**WORK TO BE COMPLETED:**
If pictures appear among the lines below, leave them out while you return exactly the lines from the one with "Random Selection - Hatsune" through the one with "Truy cập và".

**GIVEN RECORDS:**
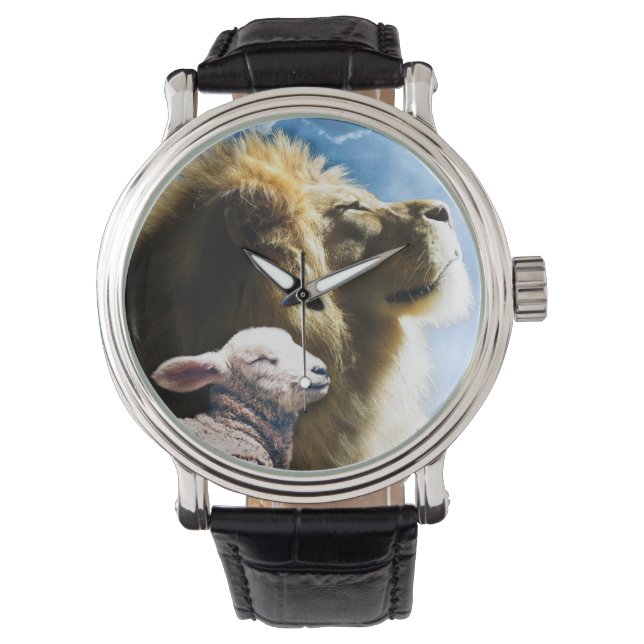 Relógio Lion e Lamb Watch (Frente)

==

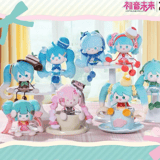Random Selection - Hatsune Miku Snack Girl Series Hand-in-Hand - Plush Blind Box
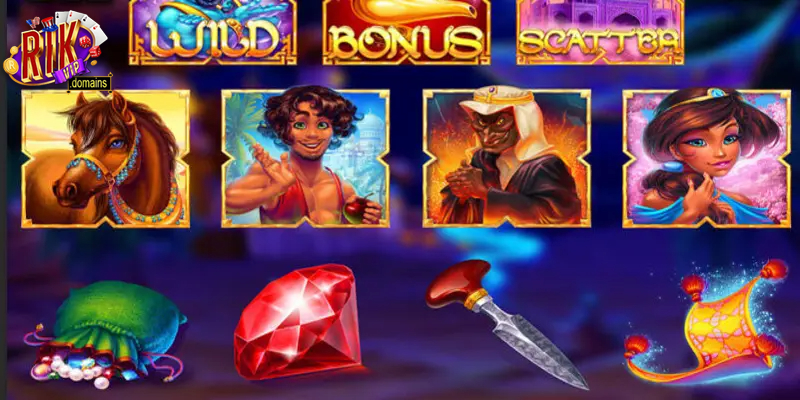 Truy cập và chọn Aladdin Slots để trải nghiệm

**EXERCISE ANSWER:**
Random Selection - Hatsune Miku Snack Girl Series Hand-in-Hand - Plush Blind Box
 Truy cập và chọn Aladdin Slots để trải nghiệm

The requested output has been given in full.